Supplied records:
____________________

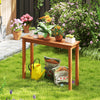 Wooden Plant Stand Outdoor Indoor Solid Wood Flower Pot Holder Display Shelf-M - Gallery View 1 of 8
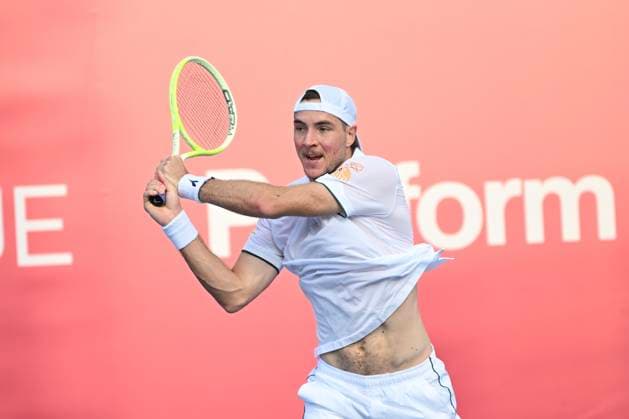 Hong Kong Tennis Open - Day 1 Jan-Lennard Struff, a German tennis player, during a match at the Hong Kong Tennis Open on January 4, 2026 in Hong Kong. (Photo by Kobe Li Nexpher Images) Hong Kong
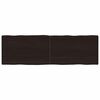 vidaXL Tischplatte 160x50x(2-4) cm Massivholz Behandelt Baumkante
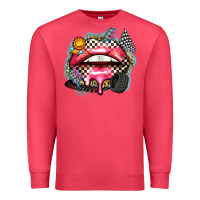 Cardinal race lips Premium Sweatshirt - Zillion Design Studio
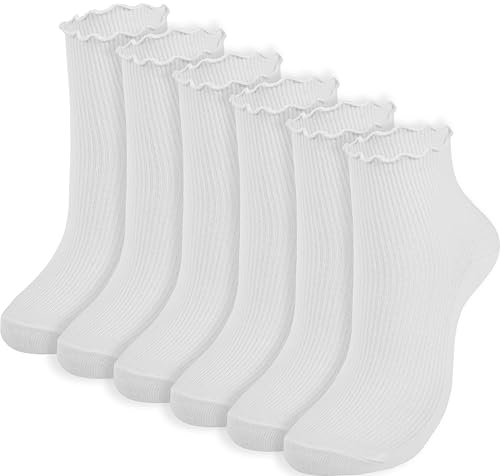 All White - 6 Pairs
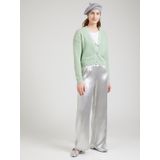 QS - Gebreid Vest - Lichtgroen - Casual Cardigan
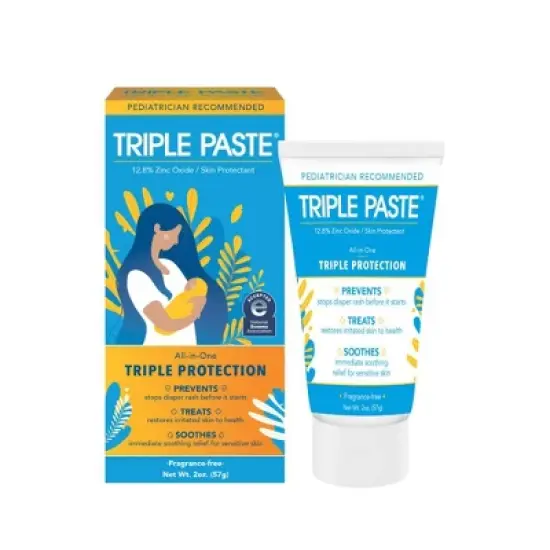 Triple Paste Zinc Oxide Diaper Rash Cream 2 Oz image {6}
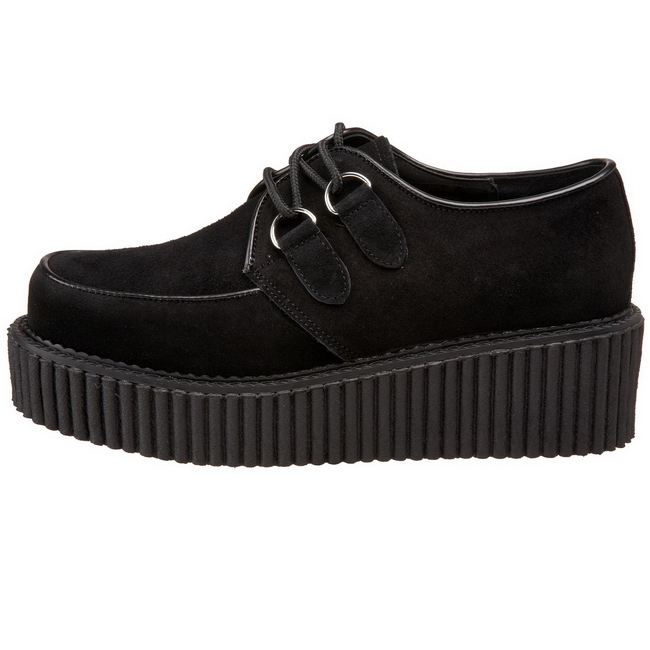 demonia CREEPER-101 scarpe creepers nere alte taglie 39 - 40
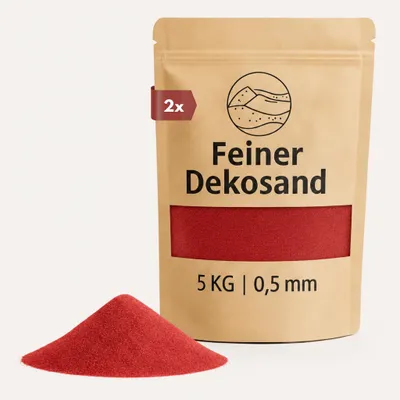 Productafbeelding van Deko-Sand, rot, 10 kg, geschikt voor vazen, glazen en als losse decoratie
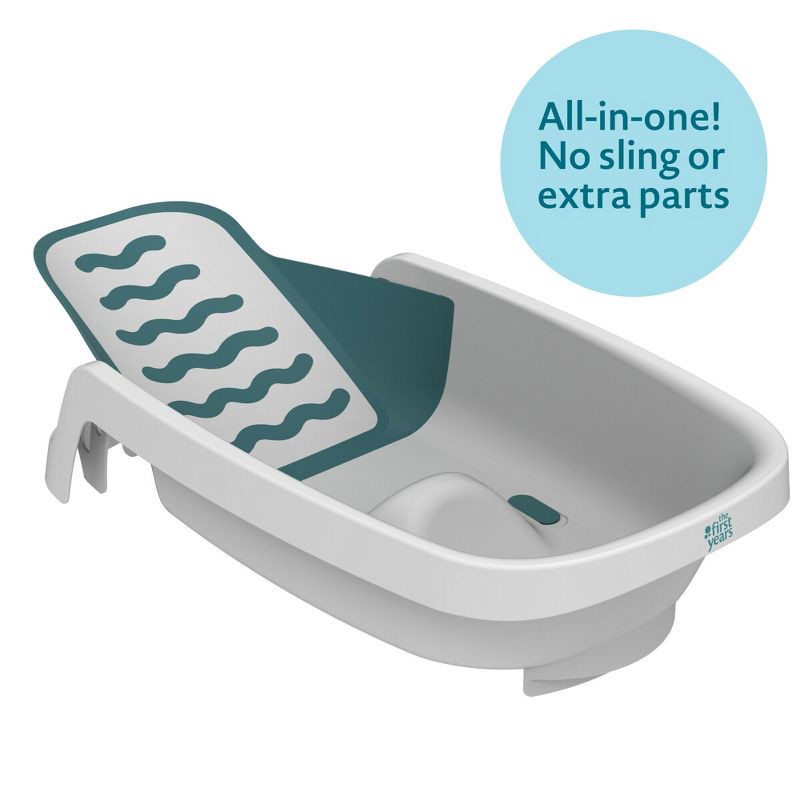 slide 2 of 7, The First Years Sure Comfort 4-in-1 Reclining Newborn to Toddler Baby Bathtub - White, 1 ct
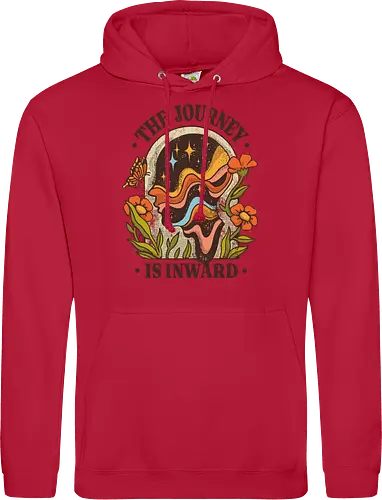 The Journey Is Inward – Vintage Inner Peace | Vintage Illustration zur Selbstfindung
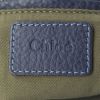 Chloé Marcie handbag in blue grained leather - Detail D3 thumbnail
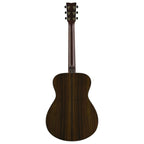 Yamaha FS7 R acoustic guitar in natural finish, showcasing its body, neck, and strings on a stand.
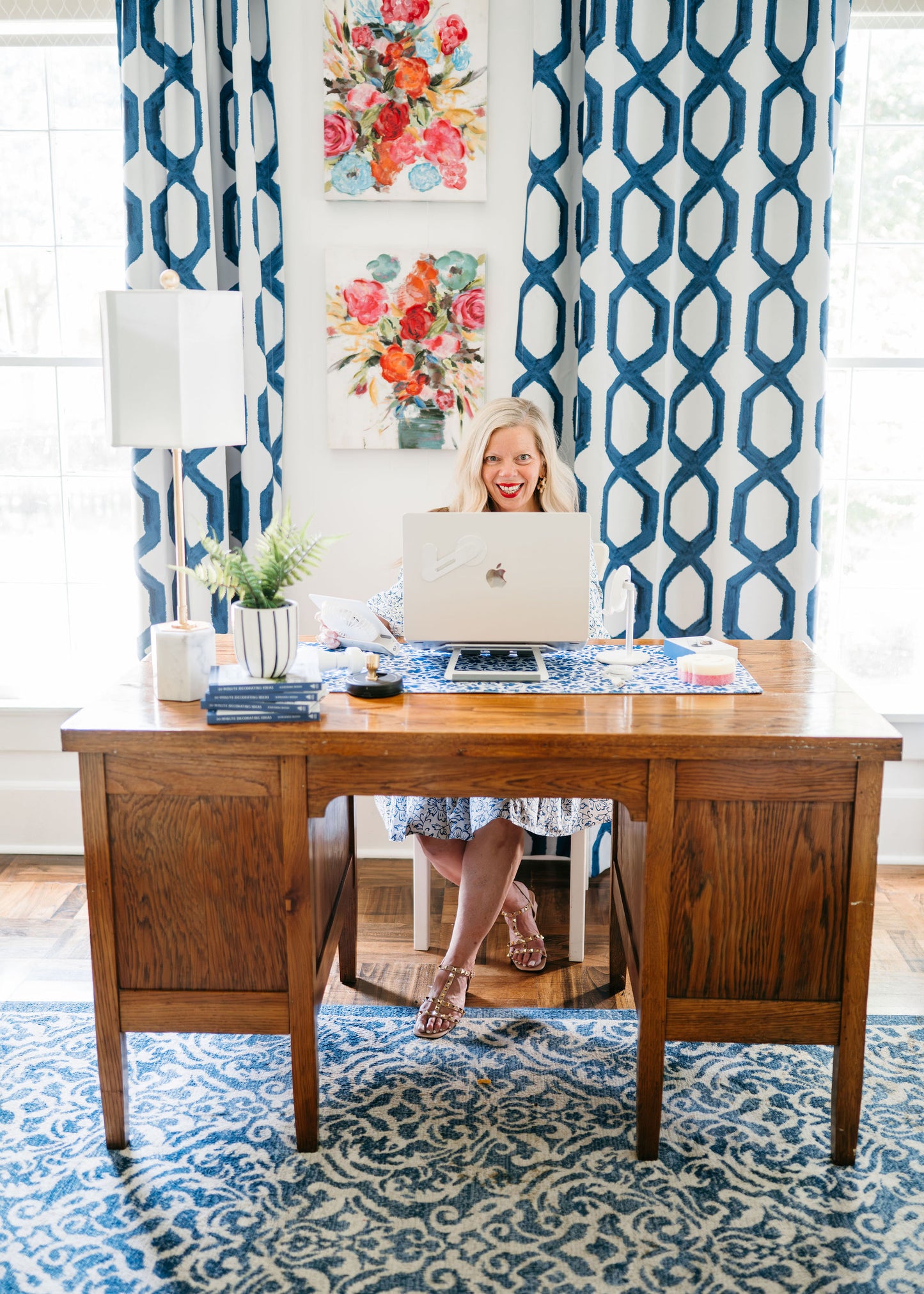 Botanical Blueprint Desk Pad
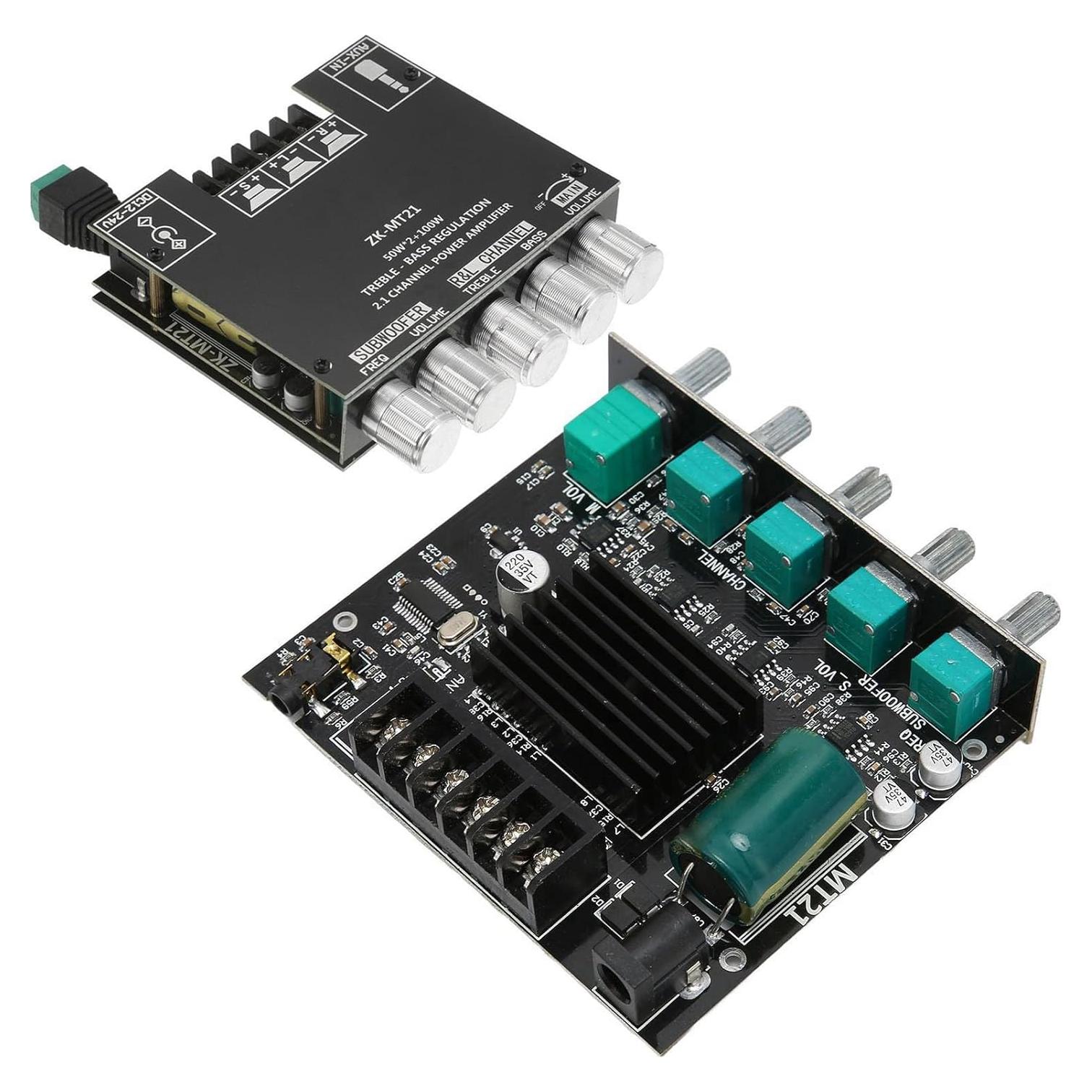 Placa Amplificador Estéreo Digital ZK-MT21 Bluetooth 2.1 50W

____________________

What you are asked to do:
Begin at the line containing "Chloé Marcie handbag" and restate exactly every line through the end of the material, skipping the pictures.

Solved problem:
 Chloé Marcie handbag in blue grained leather - Detail D3 thumbnail
 Yamaha FS7 R acoustic guitar in natural finish, showcasing its body, neck, and strings on a stand.
 Botanical Blueprint Desk Pad
 Placa Amplificador Estéreo Digital ZK-MT21 Bluetooth 2.1 50W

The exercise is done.